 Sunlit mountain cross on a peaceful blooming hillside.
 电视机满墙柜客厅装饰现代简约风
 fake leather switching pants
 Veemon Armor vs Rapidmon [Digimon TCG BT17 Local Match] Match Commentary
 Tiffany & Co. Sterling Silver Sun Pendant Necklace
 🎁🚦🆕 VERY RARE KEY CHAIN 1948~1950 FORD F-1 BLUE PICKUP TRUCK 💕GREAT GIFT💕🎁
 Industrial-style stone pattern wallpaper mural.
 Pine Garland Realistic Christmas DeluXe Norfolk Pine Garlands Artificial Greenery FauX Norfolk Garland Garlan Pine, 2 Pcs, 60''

§

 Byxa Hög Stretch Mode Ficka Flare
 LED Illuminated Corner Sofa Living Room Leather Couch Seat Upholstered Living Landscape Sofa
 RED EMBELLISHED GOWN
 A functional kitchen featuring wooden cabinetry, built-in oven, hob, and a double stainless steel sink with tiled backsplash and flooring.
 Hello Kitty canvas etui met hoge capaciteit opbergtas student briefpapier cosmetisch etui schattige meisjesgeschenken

§

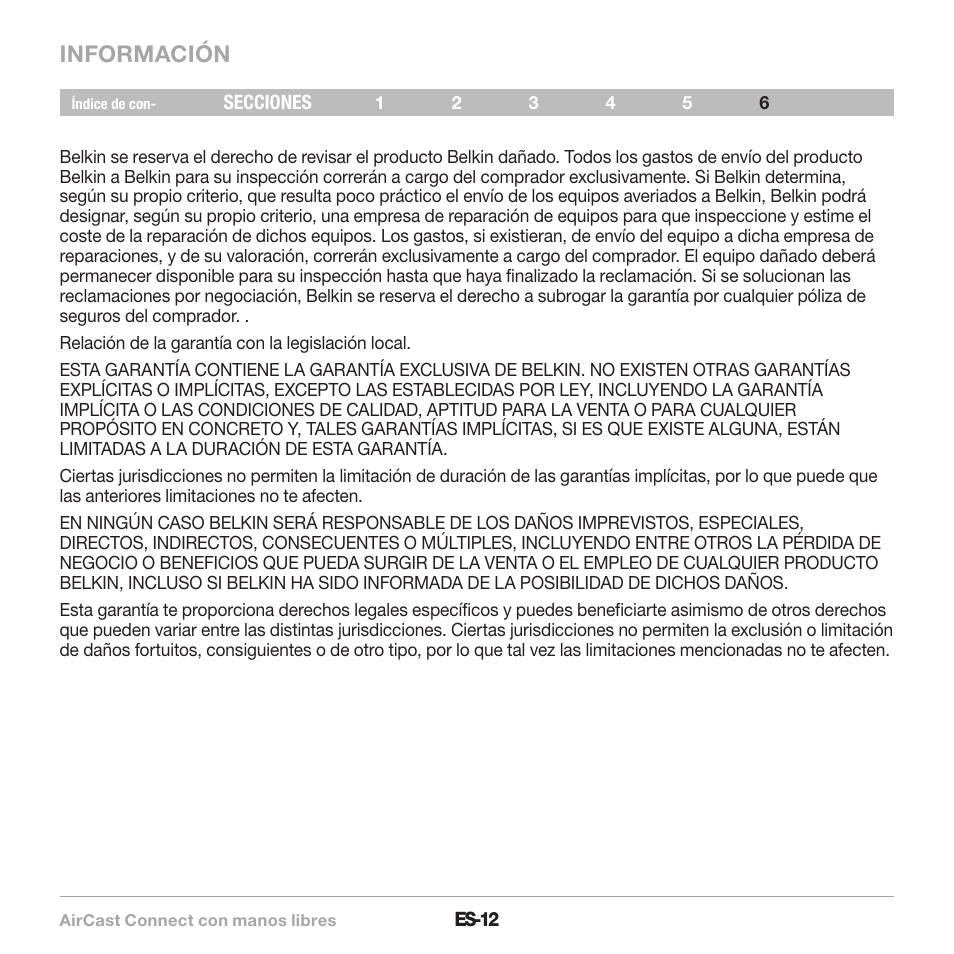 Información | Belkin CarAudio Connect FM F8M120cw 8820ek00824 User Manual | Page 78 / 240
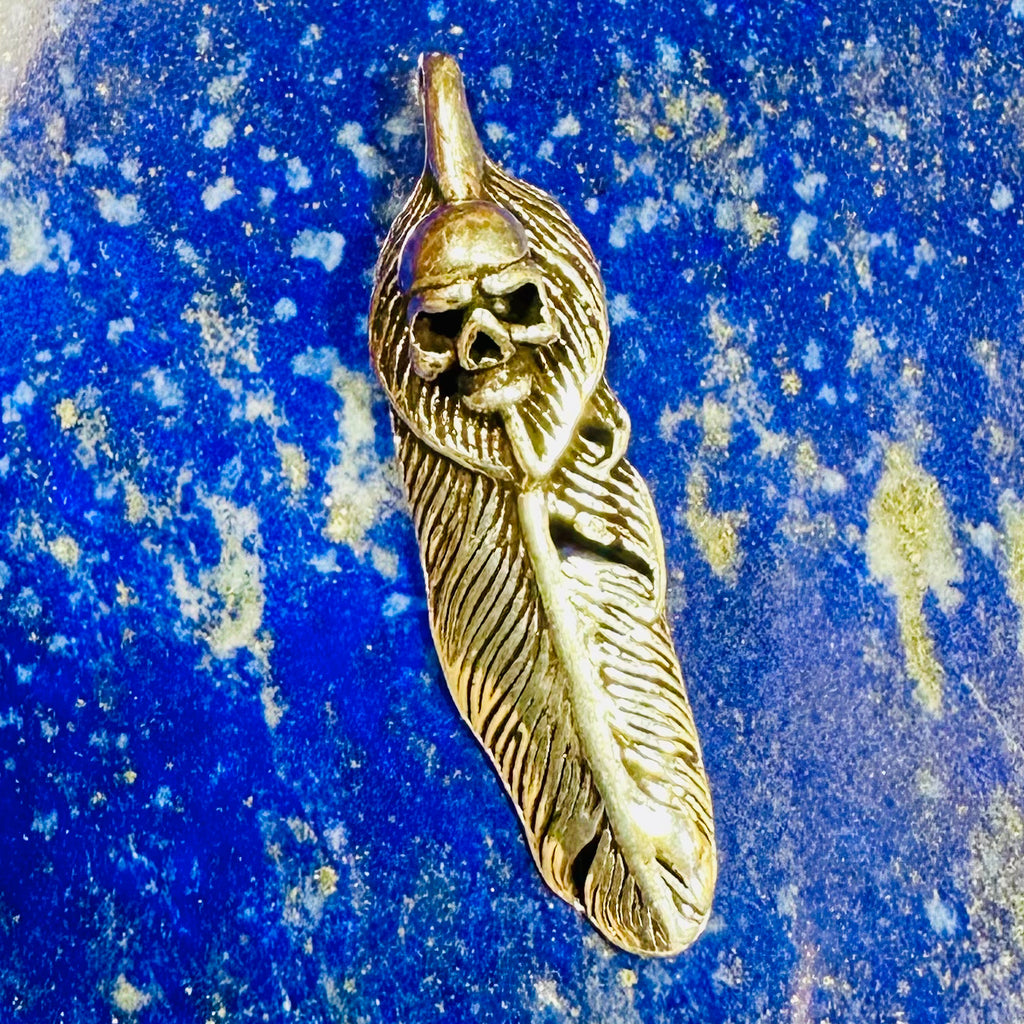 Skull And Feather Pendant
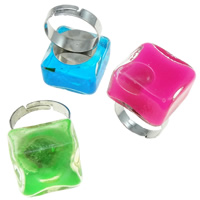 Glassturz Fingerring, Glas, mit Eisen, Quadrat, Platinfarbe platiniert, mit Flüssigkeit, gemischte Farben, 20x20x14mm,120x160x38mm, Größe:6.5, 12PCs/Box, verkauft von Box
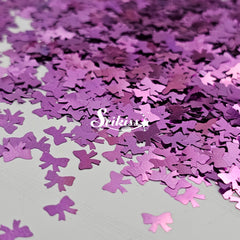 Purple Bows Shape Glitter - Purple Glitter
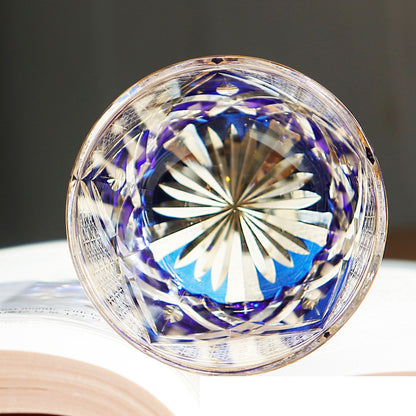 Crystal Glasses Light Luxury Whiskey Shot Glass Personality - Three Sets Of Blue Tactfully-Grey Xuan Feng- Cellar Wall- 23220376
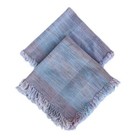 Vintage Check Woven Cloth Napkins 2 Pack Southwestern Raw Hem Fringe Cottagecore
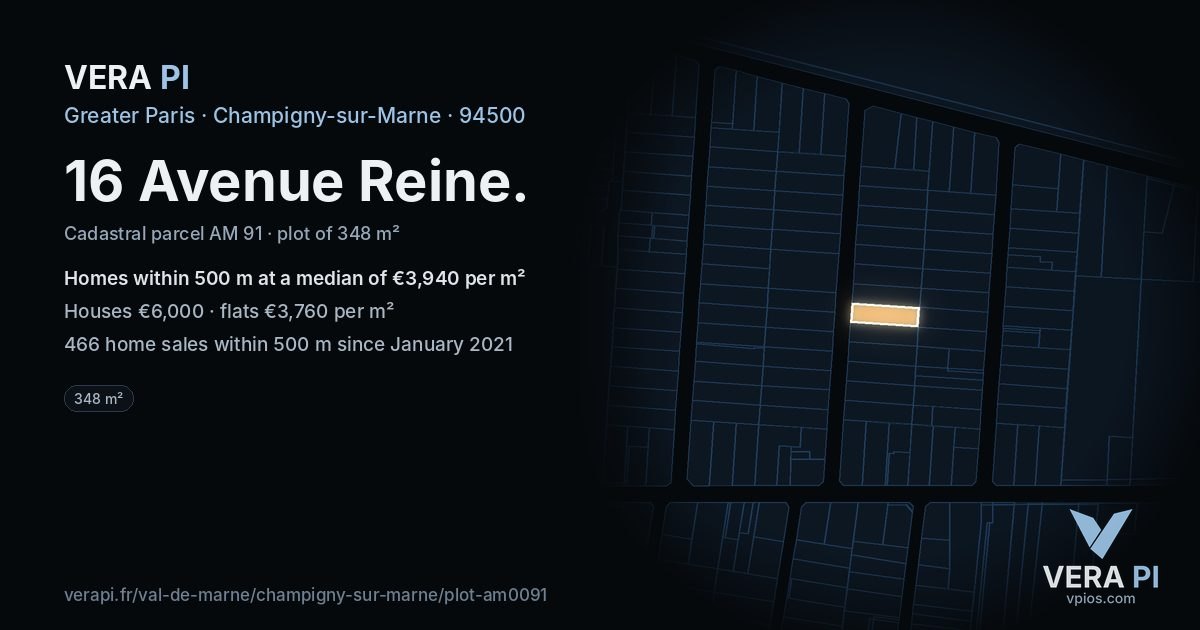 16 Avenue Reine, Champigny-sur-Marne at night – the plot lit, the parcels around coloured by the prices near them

§

> _Try it_
Your copy should hold the lines from the one with "Purple Bows Shape Glitter - Purple Glitter" up to and including the one with "16 Avenue Reine, Champigny-sur-Marne", exactly as in the data above, and no pictures.

> _Written solution_
 Purple Bows Shape Glitter - Purple Glitter
 Crystal Glasses Light Luxury Whiskey Shot Glass Personality - Three Sets Of Blue Tactfully-Grey Xuan Feng- Cellar Wall- 23220376
 Vintage Check Woven Cloth Napkins 2 Pack Southwestern Raw Hem Fringe Cottagecore
 16 Avenue Reine, Champigny-sur-Marne at night – the plot lit, the parcels around coloured by the prices near them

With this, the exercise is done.